PROBLEM :: Span requested from the data below: the line with "Fotoschule_Mallorca_101.jpg - Blaue" through the line with "15P Milena pissing right from her car", both included. Give only these lines again, exactly, and leave every picture out.

THE RECORDS ::
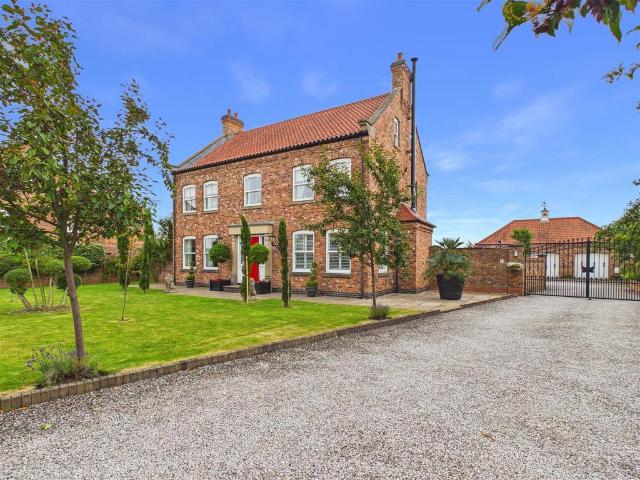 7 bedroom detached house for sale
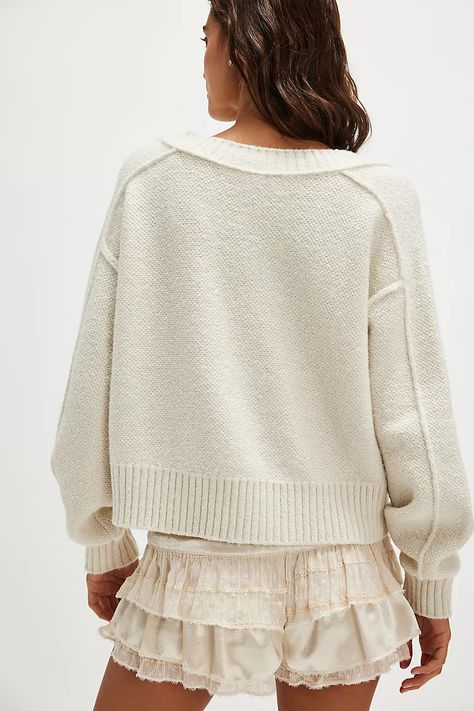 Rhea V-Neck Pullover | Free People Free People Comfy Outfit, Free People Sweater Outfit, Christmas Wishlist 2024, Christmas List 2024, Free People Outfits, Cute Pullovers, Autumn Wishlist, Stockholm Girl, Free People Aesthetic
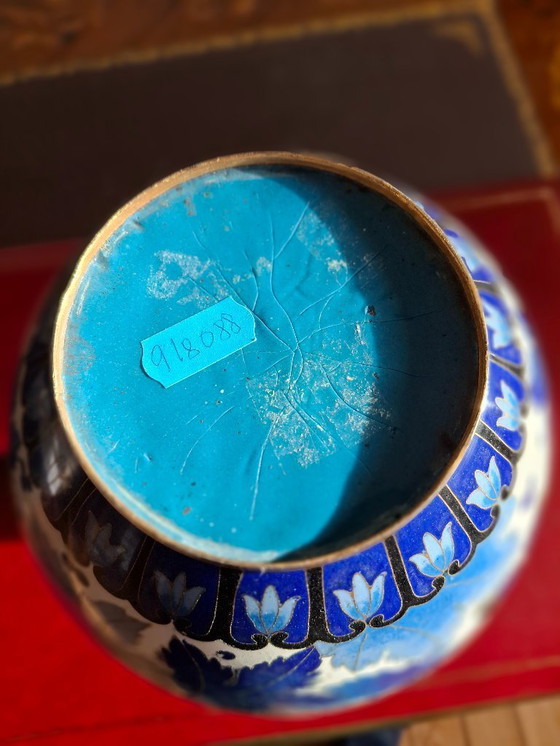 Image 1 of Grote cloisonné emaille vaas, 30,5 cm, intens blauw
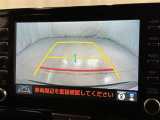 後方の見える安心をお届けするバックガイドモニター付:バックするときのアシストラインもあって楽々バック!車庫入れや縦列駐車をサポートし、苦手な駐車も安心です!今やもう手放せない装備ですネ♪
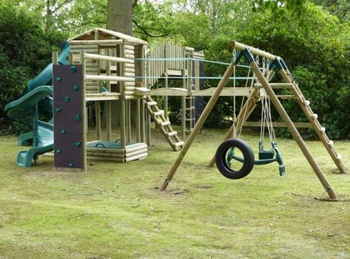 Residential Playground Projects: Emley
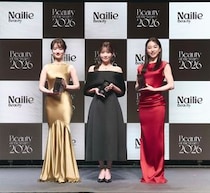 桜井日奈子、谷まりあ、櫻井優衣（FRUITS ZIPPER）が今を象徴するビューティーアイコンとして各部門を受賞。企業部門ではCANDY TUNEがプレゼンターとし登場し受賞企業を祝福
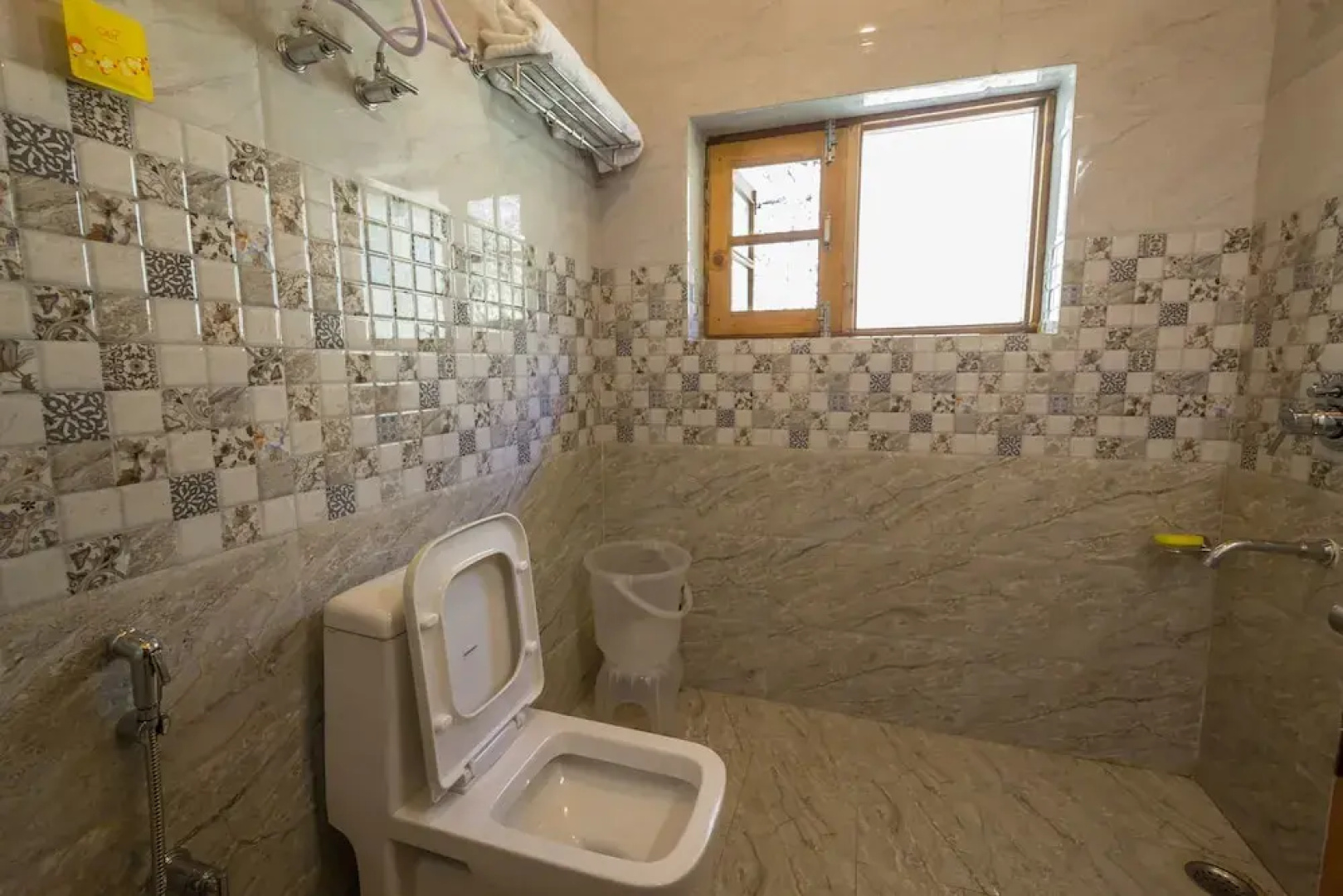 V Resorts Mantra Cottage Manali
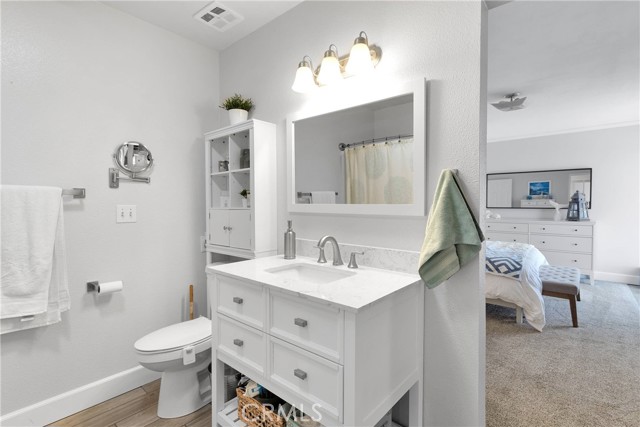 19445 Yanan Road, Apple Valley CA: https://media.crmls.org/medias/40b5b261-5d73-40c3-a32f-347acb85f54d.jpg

--

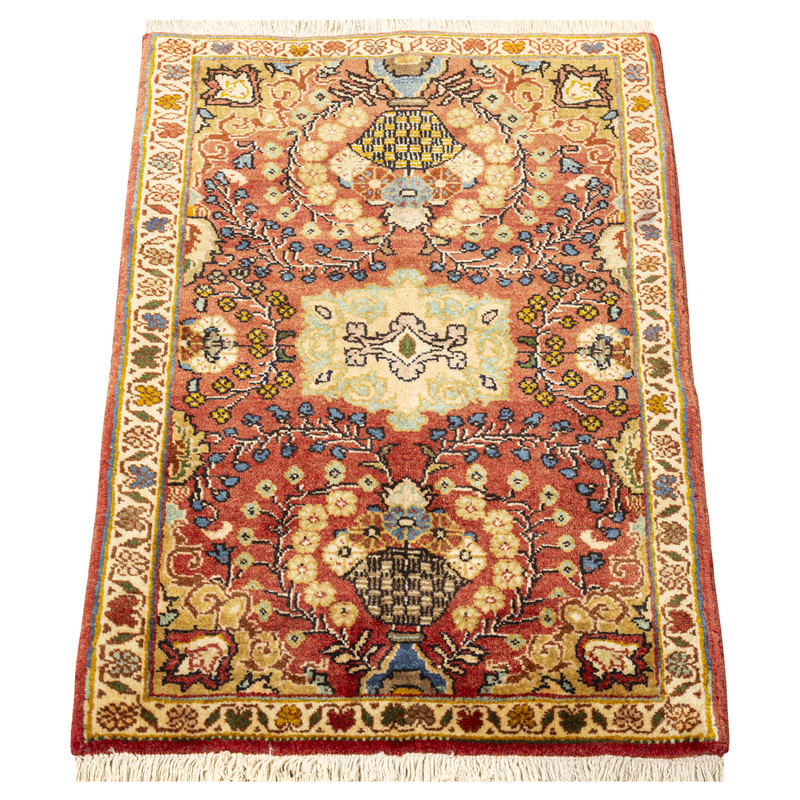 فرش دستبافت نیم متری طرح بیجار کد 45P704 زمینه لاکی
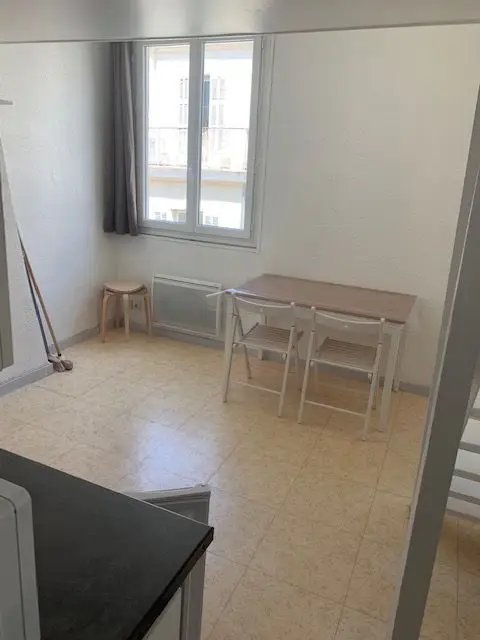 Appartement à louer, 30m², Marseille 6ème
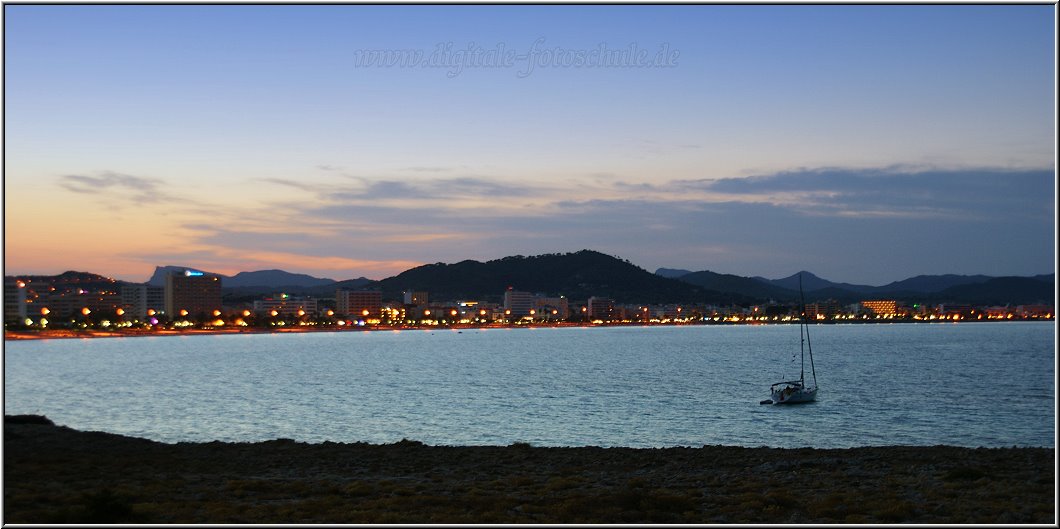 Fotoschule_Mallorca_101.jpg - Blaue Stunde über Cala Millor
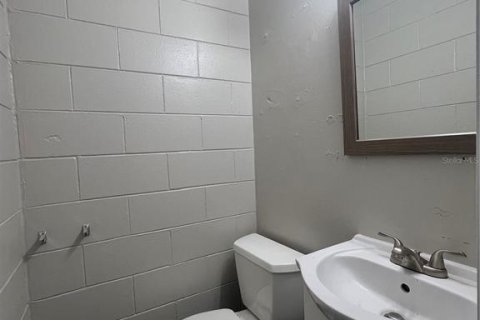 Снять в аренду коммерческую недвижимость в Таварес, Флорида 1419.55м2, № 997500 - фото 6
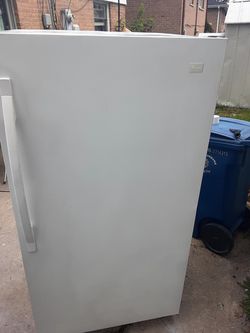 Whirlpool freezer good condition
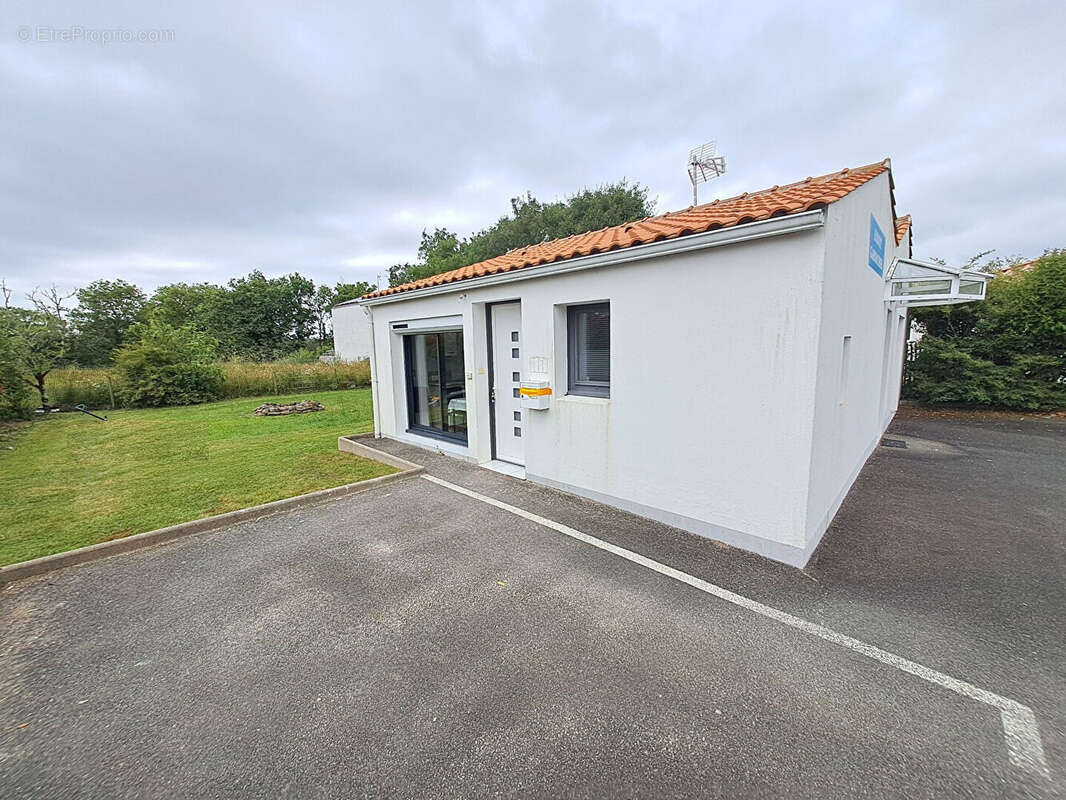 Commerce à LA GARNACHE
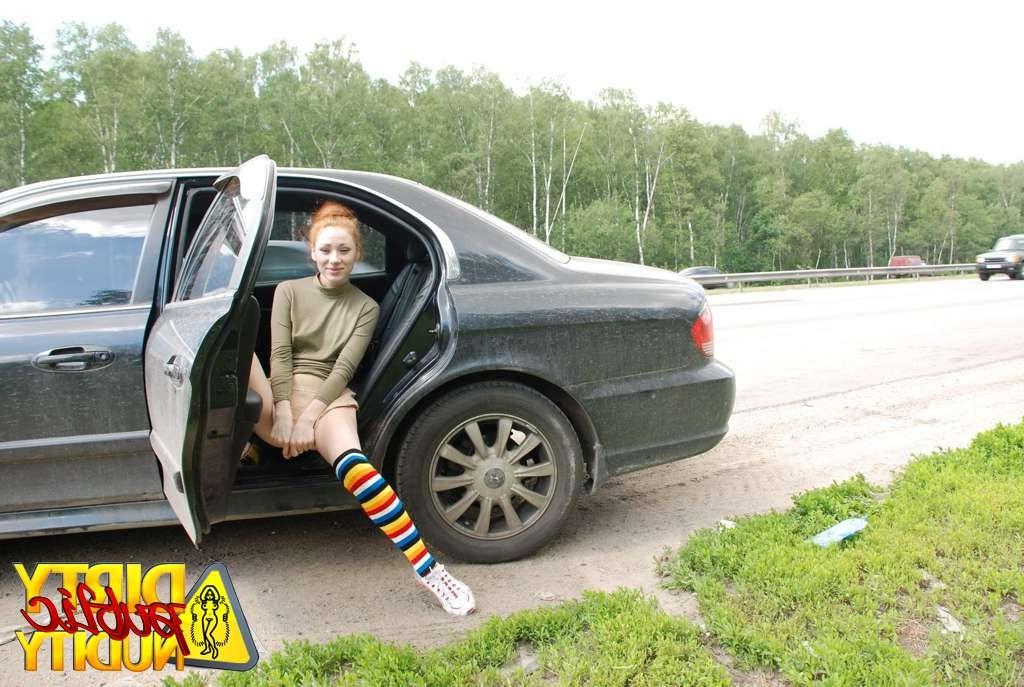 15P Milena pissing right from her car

* * *

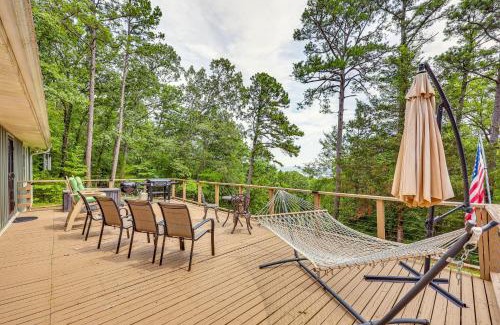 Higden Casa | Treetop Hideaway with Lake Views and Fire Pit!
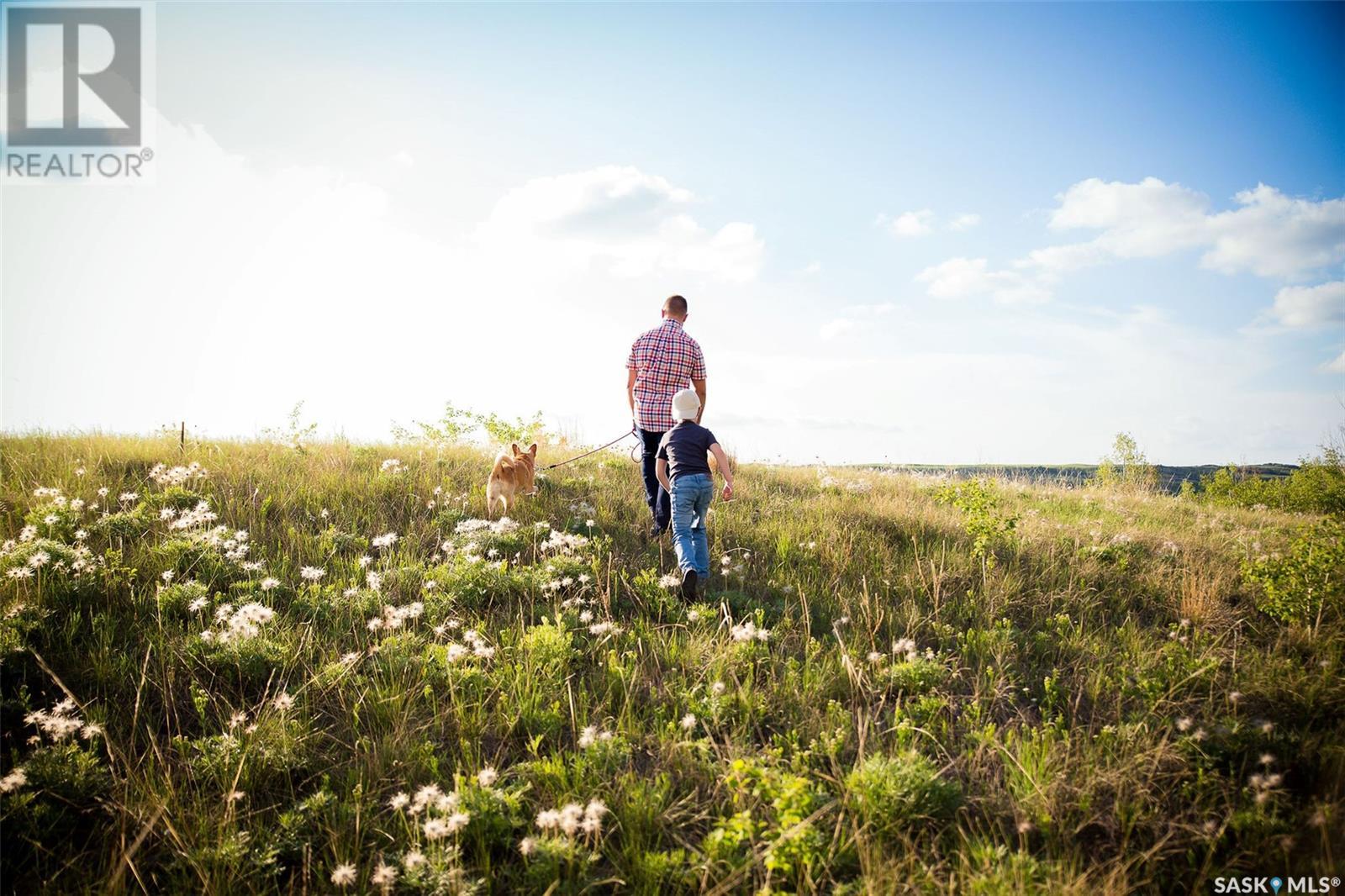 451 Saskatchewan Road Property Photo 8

ANSWER TO THE EXERCISE ::
 Fotoschule_Mallorca_101.jpg - Blaue Stunde über Cala Millor
 Снять в аренду коммерческую недвижимость в Таварес, Флорида 1419.55м2, № 997500 - фото 6
 Whirlpool freezer good condition
 Commerce à LA GARNACHE
 15P Milena pissing right from her car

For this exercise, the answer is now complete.